Structural informatic study of determined and AlphaFold2 predicted molecular structures of 13 human solute carrier transporters and their water-soluble QTY variants

Solute carrier transporters are integral membrane proteins, and are important for diverse cellular nutrient transports, metabolism, energy demand, and other vital biological activities. They have recently been implicated in pancreatic cancer and other cancer metastasis, angiogenesis, programmed cell death and proliferation, cell metabolism and chemo-sensitivity. Here we report the study of 13 human solute carrier membrane transporters using the highly accurate AlphaFold2 predictions of 3D protein structures. In the native structures, there are hydrophobic amino acids leucine (L), isoleucine (I), valine (V) and phenylalanine (F) in the transmembrane alpha-helices.

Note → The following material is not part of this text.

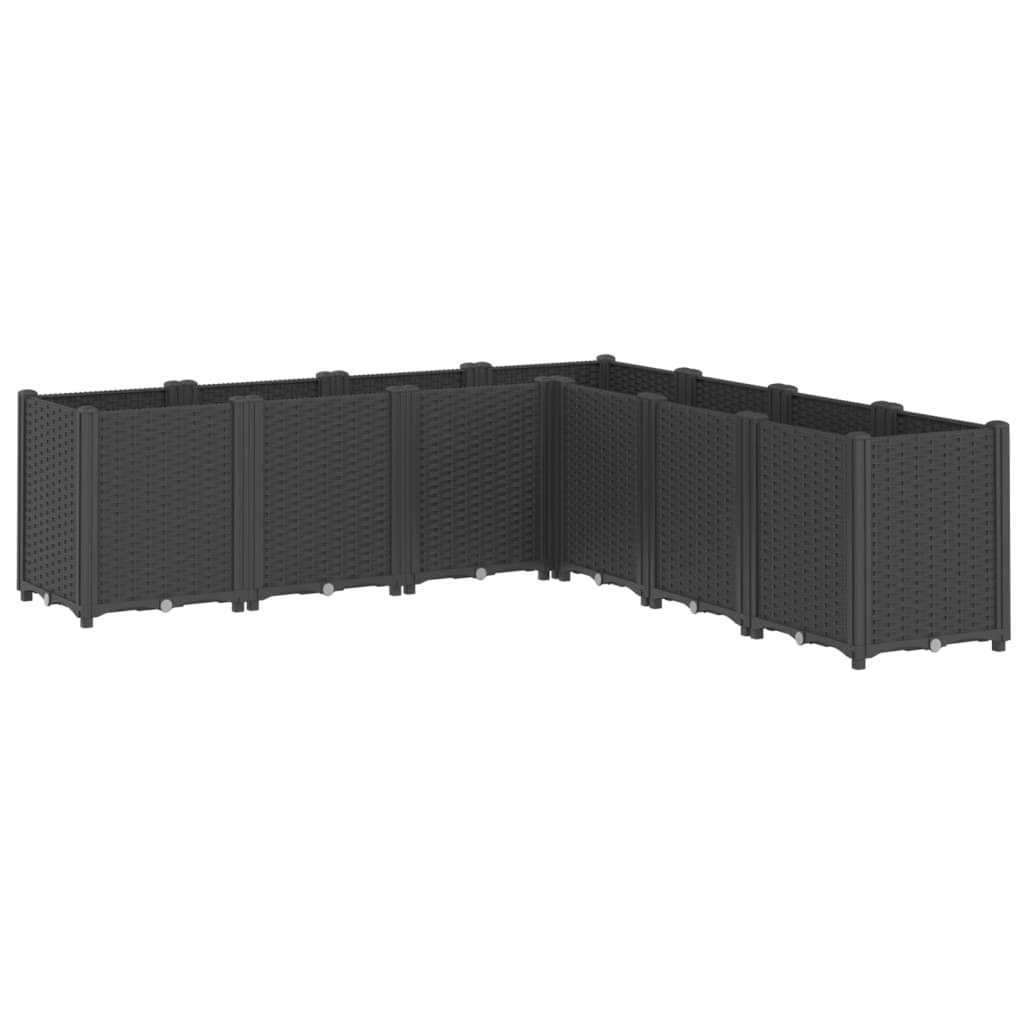 Plantenbak 160x160x53 cm polypropeen zwart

These hydrophobic amino acids L, I, V, F are systematically replaced by hydrophilic amino acids glutamine (Q), threonine (T) and tyrosine (Y), thus the QTY code. Therefore, these QTY variant transporters become water-soluble without requiring detergents. We present the superposed structures of these native solute carrier transporters and their water-soluble QTY variants. The superposed structures show remarkable similarity with RMSD similar to 1 angstrom-< 3 angstrom despite > 46% protein sequence substitutions in transmembrane alpha-helices. We also show the differences of surface hydrophobicity between the native solute carrier transporters and their QTY variants. Our study may further stimulate designs of water-soluble transmembrane proteins and other aggregated proteins for drug discovery and biotechnological applications.

Automated summary

Solute carrier transporters play vital roles in cellular nutrient transports and other biological activities. In this study, we used AlphaFold2 to predict the 3D structures of 13 human solute carrier transporters and discovered that hydrophobic amino acid substitutions can make these transporters water-soluble. Our findings have implications in the design of water-soluble transmembrane proteins.